Sunday, September 27, 2009

I'm so Proud to be a Saxon


What was the most important story of last week? Was it the antics of Ahmadinejad or Gaddafi in New York? Was it the meeting of the Security Council? Was it the photo opportunity for the G20 in Pittsburgh? For some, perhaps, but not for me. For me there is only one answer: the discovery of the Anglo-Saxon artefacts in Staffordshire, right in the heart of Mercia, one of the most important-and elusive-of the seven kingdoms that once made up the Heptarchy.

This may very well turn out to be one of the most significant archaeological finds ever made in England, at least the equal to the discoveries made at Sutton Hoo in Suffolk seventy years ago, which cast some light into the English 'Dark Age'. It was made by one Terry Herbert using a second-hand metal detector he bought for £2.50 from a car boot sale, a discovery that would have made even Indiana Jones envy!

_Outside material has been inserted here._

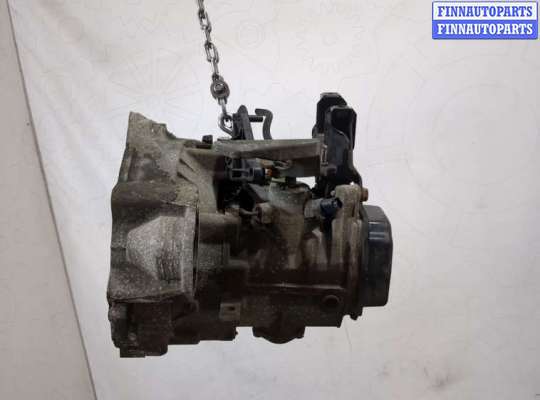 купить КПП 5-ст.мех. (МКПП) на Seat Ibiza 4 2008-2015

These wonderful artefacts, some six hundred and fifty items so far, many in gold and in silver, decorated with the most beautiful Saxon filigree, dates to the period between the late seventh to the early eighth centuries AD, a period of change and transition, a period when the old paganism was giving way to the advance of Christianity. Without exaggeration it has been likened to the discovery of a new Book of Kells or a Lindisfarne Gospel. Dr Kevin Lehy, an advisor to the Portable Antiquities scheme, said that the items represent the pinnacle of Anglo-Saxon craftsmanship;

Gold was more valuable at that time than it is now. So gold went to the best craftsmen. This was the best they could do. Cutting these garnets is incredibly difficult. They can't be cleaved. They have to be sawn, then polished. They even set them on gold foil so that they sparkle when the foil catches the light.

The hoard itself seems to be a collection of war trophies, buried for unknown reasons and never recovered. They're a great many sword hilts, confirming a passage in Beowulf that these were taken from dead enemies as tokens of victory in battle.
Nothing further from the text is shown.